In the pantheon of slain Americans who have furthered civil rights gains of a marginalized group, Rita Hester, an African-American transgender woman, is among them. There had been several transgender murders prior to Rita’s — including that of Chanelle Pickett in Watertown, Mass., in 1995, and Monique Thomas in Dorchester, Mass., in September 1998. Rita lived large and loved big, but she could have never imagined her life and her death would mean so much to so many.
On November 28, 1998, Rita was found dead in her first-floor Boston apartment with 20 stab wounds to her chest, just two days before her 35th birthday. Her murder sparked the “Remembering Our Dead” web project that became the catalyst for the annual International Transgender Day of Remembrance on November 20.
Her murder occurred six weeks after Matthew Shepard’s in Laramie, Wyo., which became an internationally known homophobic hate crime. In 2009, President Barack Obama signed into law The Matthew Shepard and James Byrd Hate Crimes Prevention Act.
In 2022 Rita’s murder remains an unsolved cold case, as are most transgender murders. Her murder occurred in an era when the “trans panic” defense — a defendant melodramatically pleads temporary insanity for a killing — was a legal strategy. Friends of Rita told NBC.com their suspicion about her murder: “A man (or men) who couldn’t face his attraction to a trans woman came home with Hester and killed her in a fit of shame.”
I’ll never forget Rita’s vigil because the words of Rita’s mother, Kathleen Hester, haunt me to this day. When she came up to the microphone during the Speak Out portion of the vigil at the Model Cafe, where Rita was well-known in her Allston neighborhood, she brought most of us to tears, myself included:
I would have gladly died for you, Rita. I would have taken the stabs and told you to run. I loved you!
After her remarks, Kathleen Hester collapsed in a grief-induced faint. When the Speak Out portion ended, the crowd moved outside with lit candles and gathered behind Rita’s family.

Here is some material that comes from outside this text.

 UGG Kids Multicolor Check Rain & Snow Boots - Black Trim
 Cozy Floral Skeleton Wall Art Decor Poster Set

As the vigil proceeded from the Model Cafe to 21 Park Vale Avenue, where Rita lived and died, Rita’s mother again brought me to tears as she and her surviving children kneeled in front of the doorway of Rita’s apartment building and recited The Lord’s Prayer. Many of us joined in unison.
According to the Human Rights Campaign, this year, at least 32 transgender Black and LatinX sisters have been fatally shot or killed.

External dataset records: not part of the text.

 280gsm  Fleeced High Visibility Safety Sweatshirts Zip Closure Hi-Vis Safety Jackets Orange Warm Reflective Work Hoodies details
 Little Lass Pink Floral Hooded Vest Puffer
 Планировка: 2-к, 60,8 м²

At this year’s Association of Black Harvard Women’s Annual Vigil for Black Trans Lives, photos and the reading of names of departed Black Trans individuals were part of the liturgy in Holden Chapel on Harvard’s campus. Chastity Bowick, executive director of the Transgender Emergency Fund of Massachusetts, was the keynote speaker.
Bowick told the audience that she hopes next year she’ll not be among the photos and names. It’s an ongoing concern Bowick expresses publicly every chance she can. She told WBUR in 2020 that what happened to Hester could still happen to any transgender person.
And that concern I heard during the “Trans Catholic Voices” breakout season at the DignityUSA conference in Boston in 2017.
I listened to the vulnerability of an African-American transwoman who pointed out that Pope Francis’ statements about transpeople deny them basic human dignity and perpetuate violence against them. In her closing remarks, the African American trans-sister asked for help from advocates and allies in the room, bringing me to tears when she said:
Trans lives are real lives. Trans deaths are real deaths. God works through other people. Maybe you can be those other people.
As we celebrate Transgender Day of Remembrance, we are those other people honoring Rita Hester and others.
Public theologian, syndicated columnist and radio host Rev. Irene Monroe is a founder and member emeritus of several national LBGTQ+ black and religious organizations and served as the National Religious Coordinator of the African American Roundtable at the Center for LGBTQ and Religion Studies in Religion at Pacific School of Religion. A graduate of Wellesley College and Union Theological Seminary, she served as a pastor in New Jersey before studying for her doctorate as a Ford Fellow at Harvard Divinity School and serving as the head teaching fellow of the Rev. Peter Gomes at Memorial Church. She has taught at Harvard, Andover Newton Theological Seminary, Episcopal Divinity School and the University of New Hampshire. Her papers are at the Schlesinger Library at Radcliffe College’s Research Library on the History of Women in America.